SUPPLIED MATERIAL:
☆ ☆ ☆ ☆

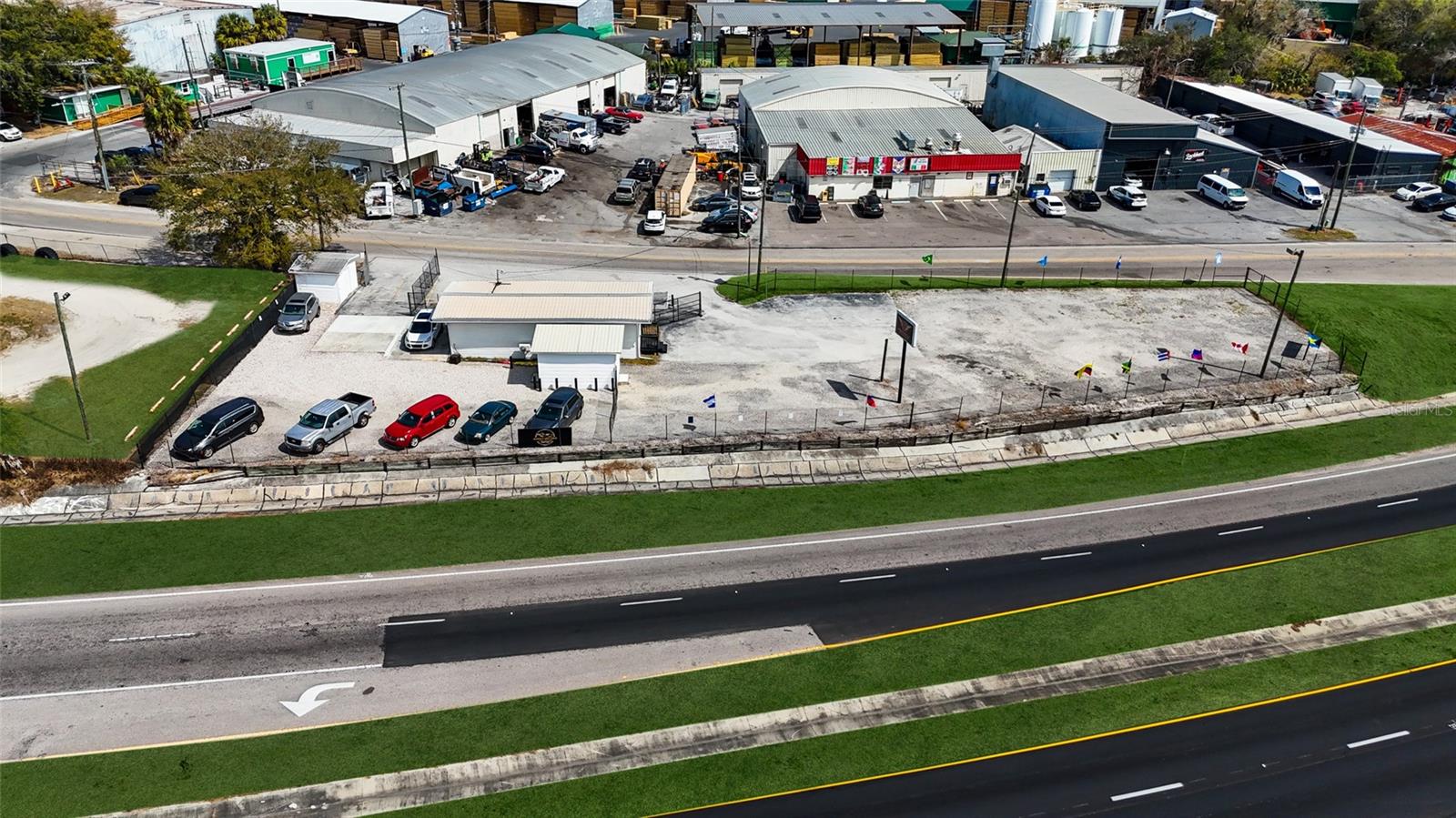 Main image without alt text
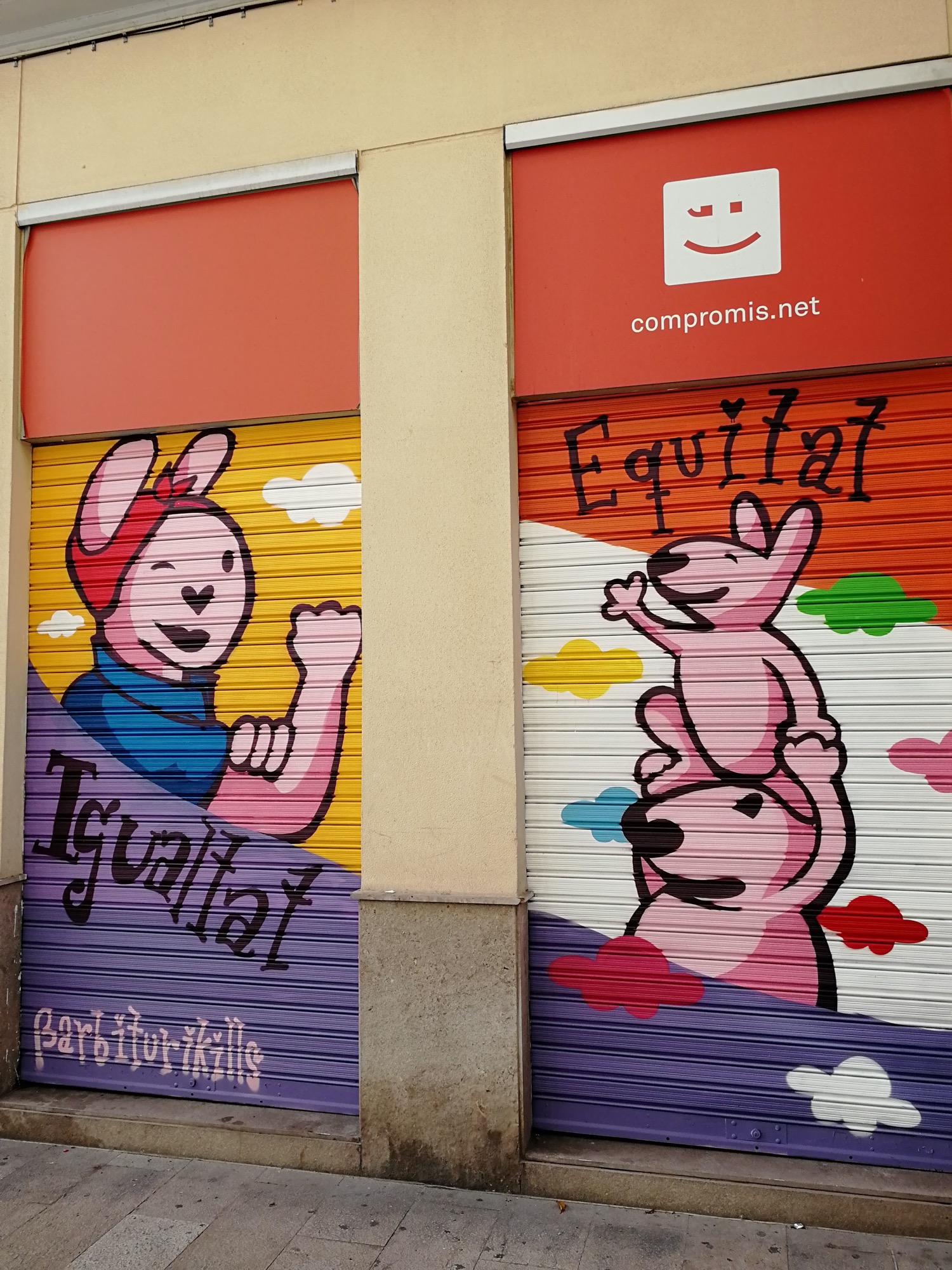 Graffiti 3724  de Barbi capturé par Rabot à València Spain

☆ ☆ ☆ ☆

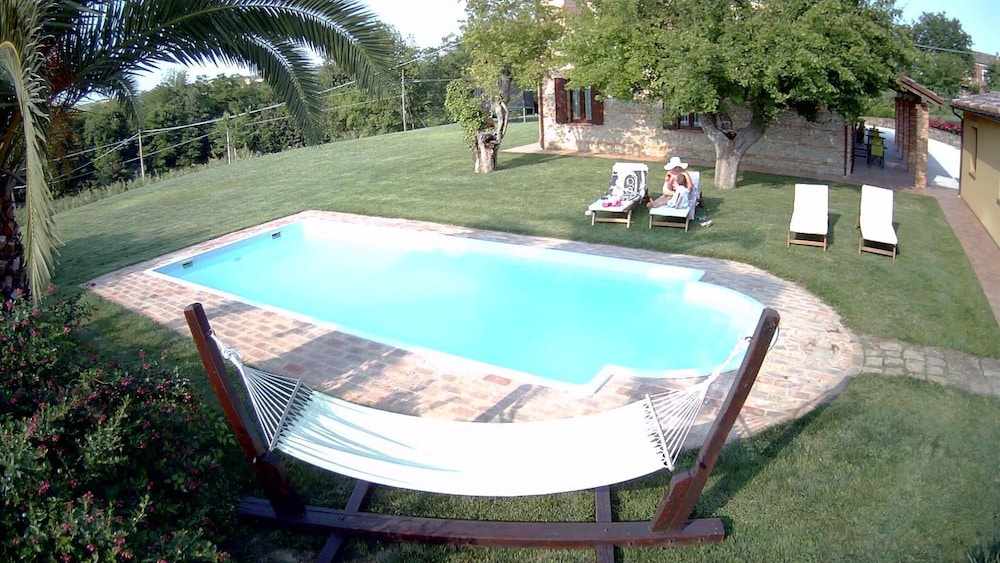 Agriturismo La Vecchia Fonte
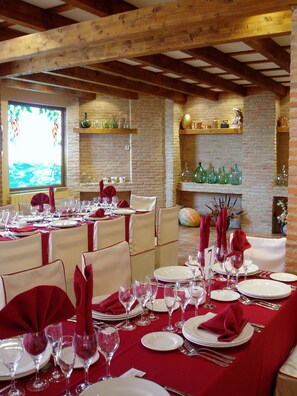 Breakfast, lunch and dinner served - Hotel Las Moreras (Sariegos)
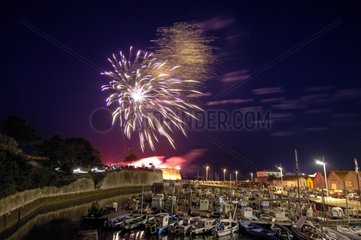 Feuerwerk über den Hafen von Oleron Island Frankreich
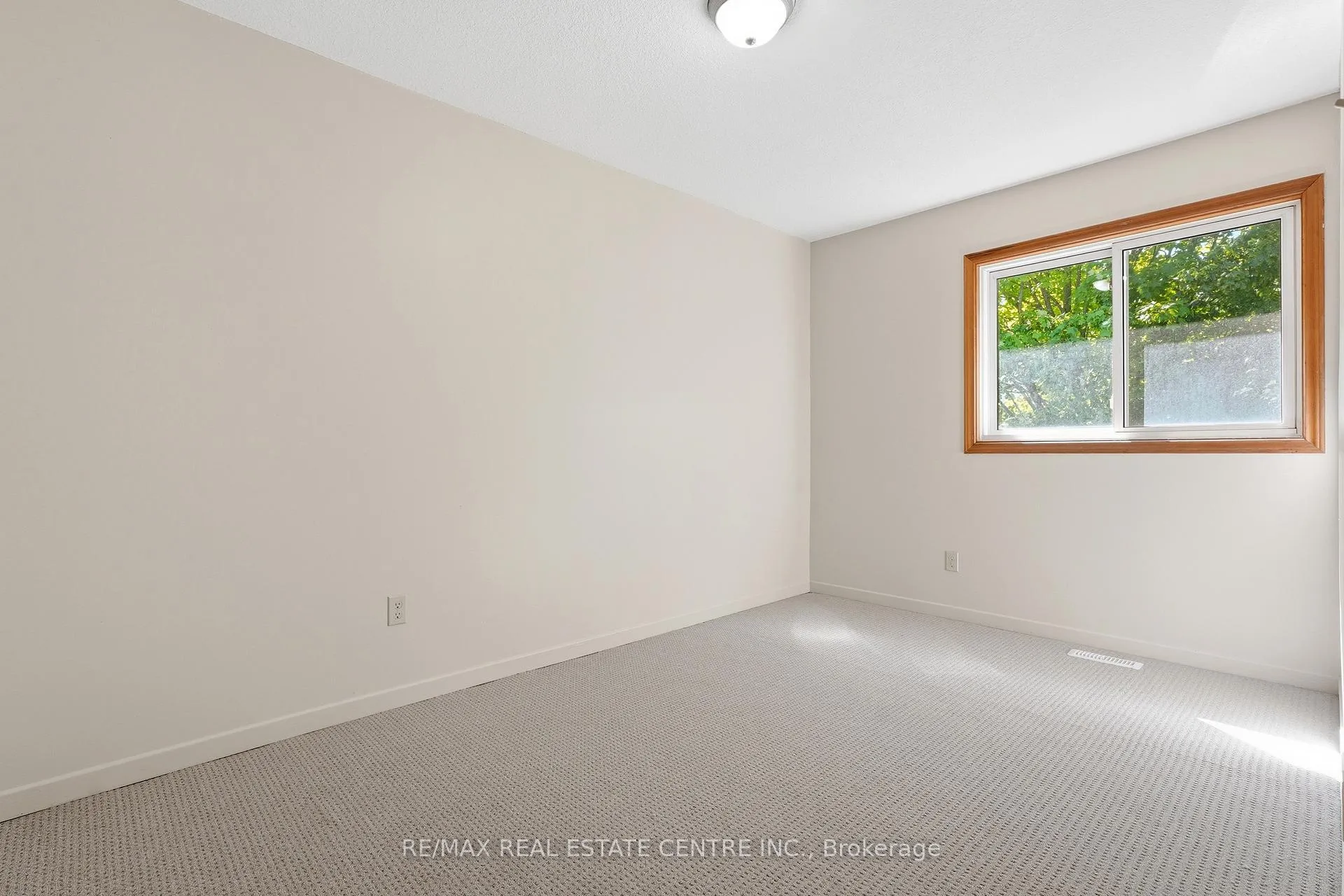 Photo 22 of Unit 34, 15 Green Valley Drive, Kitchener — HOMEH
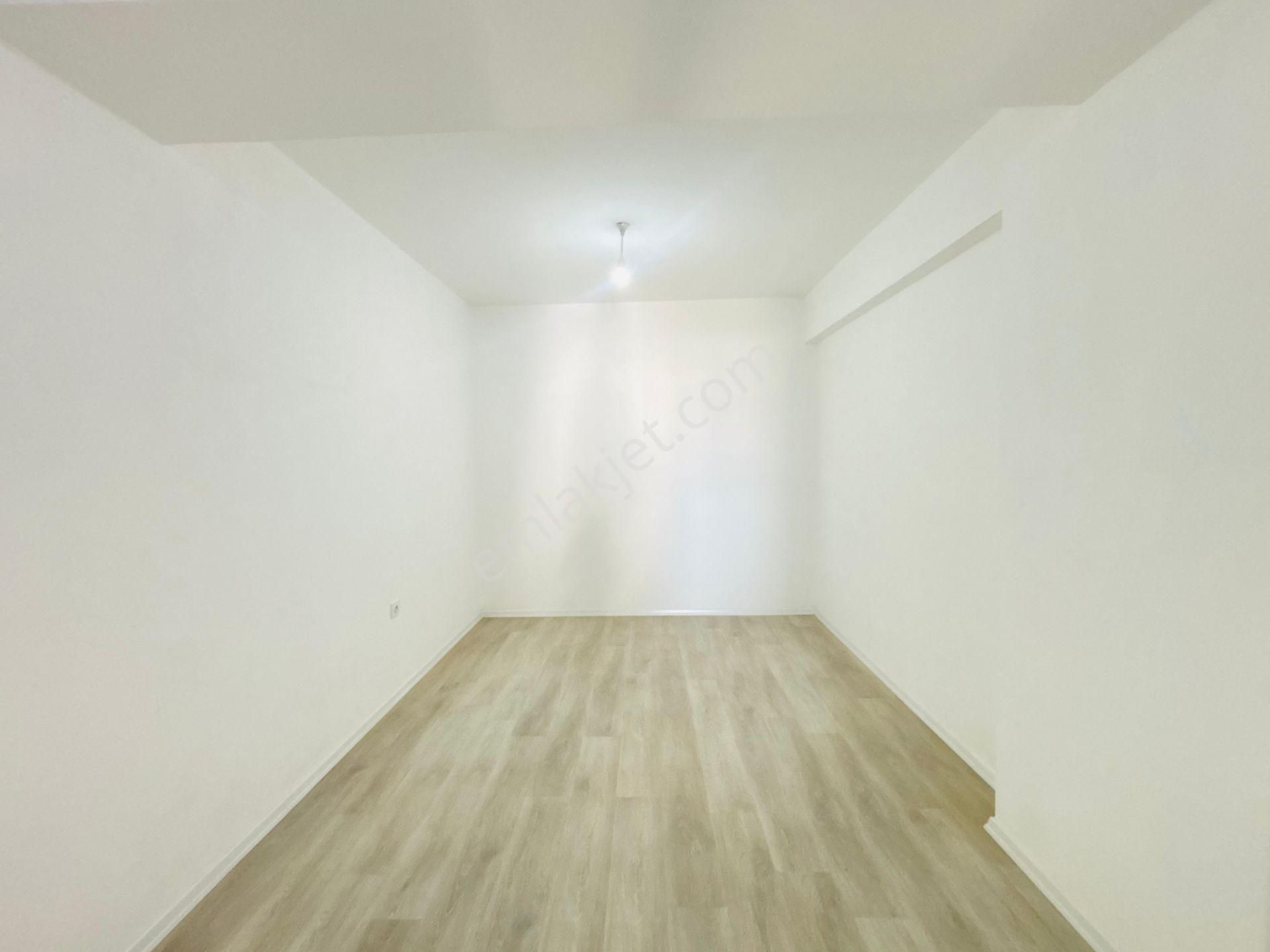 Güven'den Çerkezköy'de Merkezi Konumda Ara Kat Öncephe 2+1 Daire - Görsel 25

☆ ☆ ☆ ☆

WHAT NEEDS TO BE DONE:
Transcribe exactly the lines above, beginning at the one with "Feuerwerk über den" and going up to and including the one with "Güven'den Çerkezköy'de Merkezi". Pictures do not belong in the copy.

RESPONSE TO THE TASK:
 Feuerwerk über den Hafen von Oleron Island Frankreich
 Photo 22 of Unit 34, 15 Green Valley Drive, Kitchener — HOMEH
 Güven'den Çerkezköy'de Merkezi Konumda Ara Kat Öncephe 2+1 Daire - Görsel 25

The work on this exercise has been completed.